LMP’s government-led lead systems integrator team is delivering as effectively as the prior contractor-led team in all performance categories and continues to exceed industry standards for system and service performance metrics. The system has an average response time of less than two seconds per transaction and an average critical system availability of 99.9 percent. The program also projects a 33 percent cost avoidance in fiscal 2018 from government staff performing the same level of programmatic support as the contractor. This is an immense accomplishment that impacts soldiers by ensuring that operations are smooth, system issues are rare and administration does not get in the way of mission support.
Also in 2017, LMP became the first U.S. Army ERP to complete data center migration to the Defense Information Systems Agency, which supports the Department of Defense’s strategy of utilizing centralized data centers. To complete the transition, the LMP team and partners put in more than 100,000 hours, executed nearly 10,000 lines of tasks, and coordinated with more than 200 customers and partners from 17 U.S. Army and DoD organizations.
As a result, LMP has maintained its standard of superior performance and has experienced a 20-40 percent increase in critical transaction-processing speed since October 2017. Faster processing means faster order completion, faster delivery and faster return of equipment to soldiers in the field.

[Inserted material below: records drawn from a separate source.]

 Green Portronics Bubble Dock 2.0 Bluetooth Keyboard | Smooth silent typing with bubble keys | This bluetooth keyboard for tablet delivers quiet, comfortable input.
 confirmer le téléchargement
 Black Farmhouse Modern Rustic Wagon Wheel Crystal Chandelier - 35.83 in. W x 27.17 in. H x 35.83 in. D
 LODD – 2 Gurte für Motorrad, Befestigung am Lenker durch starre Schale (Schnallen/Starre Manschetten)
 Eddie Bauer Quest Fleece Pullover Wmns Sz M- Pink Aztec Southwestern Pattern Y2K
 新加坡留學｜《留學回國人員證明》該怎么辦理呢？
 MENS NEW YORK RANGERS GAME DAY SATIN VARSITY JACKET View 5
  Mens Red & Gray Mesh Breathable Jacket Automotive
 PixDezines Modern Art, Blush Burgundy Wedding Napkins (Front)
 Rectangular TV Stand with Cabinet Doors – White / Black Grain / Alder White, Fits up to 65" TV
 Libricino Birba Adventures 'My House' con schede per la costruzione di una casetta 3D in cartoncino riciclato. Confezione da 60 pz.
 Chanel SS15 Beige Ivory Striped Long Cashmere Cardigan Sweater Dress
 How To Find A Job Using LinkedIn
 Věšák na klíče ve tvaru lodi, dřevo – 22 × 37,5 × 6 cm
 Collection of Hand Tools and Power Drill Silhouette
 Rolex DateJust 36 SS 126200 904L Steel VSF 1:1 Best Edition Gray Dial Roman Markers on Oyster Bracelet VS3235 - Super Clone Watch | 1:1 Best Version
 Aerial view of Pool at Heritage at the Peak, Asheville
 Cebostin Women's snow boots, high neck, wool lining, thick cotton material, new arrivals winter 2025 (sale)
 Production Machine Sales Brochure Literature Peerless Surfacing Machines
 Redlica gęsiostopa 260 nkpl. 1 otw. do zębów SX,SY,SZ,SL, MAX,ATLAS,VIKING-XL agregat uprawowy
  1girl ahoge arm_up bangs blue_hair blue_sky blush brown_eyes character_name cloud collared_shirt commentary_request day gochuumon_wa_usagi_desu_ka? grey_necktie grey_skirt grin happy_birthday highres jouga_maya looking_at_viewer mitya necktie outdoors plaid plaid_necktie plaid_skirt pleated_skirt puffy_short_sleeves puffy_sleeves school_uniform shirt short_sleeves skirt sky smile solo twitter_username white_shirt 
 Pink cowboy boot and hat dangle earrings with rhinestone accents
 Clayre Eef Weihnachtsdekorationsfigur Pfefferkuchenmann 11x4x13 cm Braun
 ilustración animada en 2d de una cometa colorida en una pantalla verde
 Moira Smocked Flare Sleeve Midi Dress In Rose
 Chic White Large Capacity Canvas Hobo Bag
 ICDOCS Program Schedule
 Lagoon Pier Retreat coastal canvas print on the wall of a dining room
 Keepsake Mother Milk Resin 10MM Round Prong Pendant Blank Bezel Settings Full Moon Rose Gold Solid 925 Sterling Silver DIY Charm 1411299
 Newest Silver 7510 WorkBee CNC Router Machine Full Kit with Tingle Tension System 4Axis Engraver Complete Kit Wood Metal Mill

LMP is also redefining what it means to be in sustainment by following the new DoD Instruction 5000.75 for continuous process improvements. The improvements are being worked as solution-enhancement initiatives with two work efforts underway to deliver new, critical components that support the Army Materiel Command mission. First, to address audit findings and eliminate duplication of capabilities within multiple systems, LMP will subsume the Army Workload Performance System. After the transition, LMP will use its Workload Planning and Reporting, or WPR, tool to continue the effective management of workforce, workload and budget-planning functionality at Army Materiel Command organic industrial base facilities through planning and forecasting of workload requirements. This ensures the right amount of equipment and materiel are on hand at the right time, along with the right staff to complete the work.
Second, LMP will deliver Total Asset Visibility at Contractor (TAV-C) locations capabilities to improve tracking and accountability of government-furnished property and other assets stored or held for repair at contractor sites. This effort ensures life-cycle management commands of Army Materiel Command have true visibility of available assets. Moreover, it improves the way the Army tracks items at contractor facilities. Both WPR and TAV-C are examples of how continuous process improvements to the LMP better enable AMC to meet the U.S. Army’s readiness needs.
LMP’s road has been serpentine with hills and valleys. Nevertheless, it has been a road forged with soldier readiness in mind. With groundbreaking innovation and best practices, programs may look toward LMP as a model to strengthen the strongest army in the world.
Lt. Col. Michael N. Parent is the product manager for the U.S. Army Logistics Modernization Program.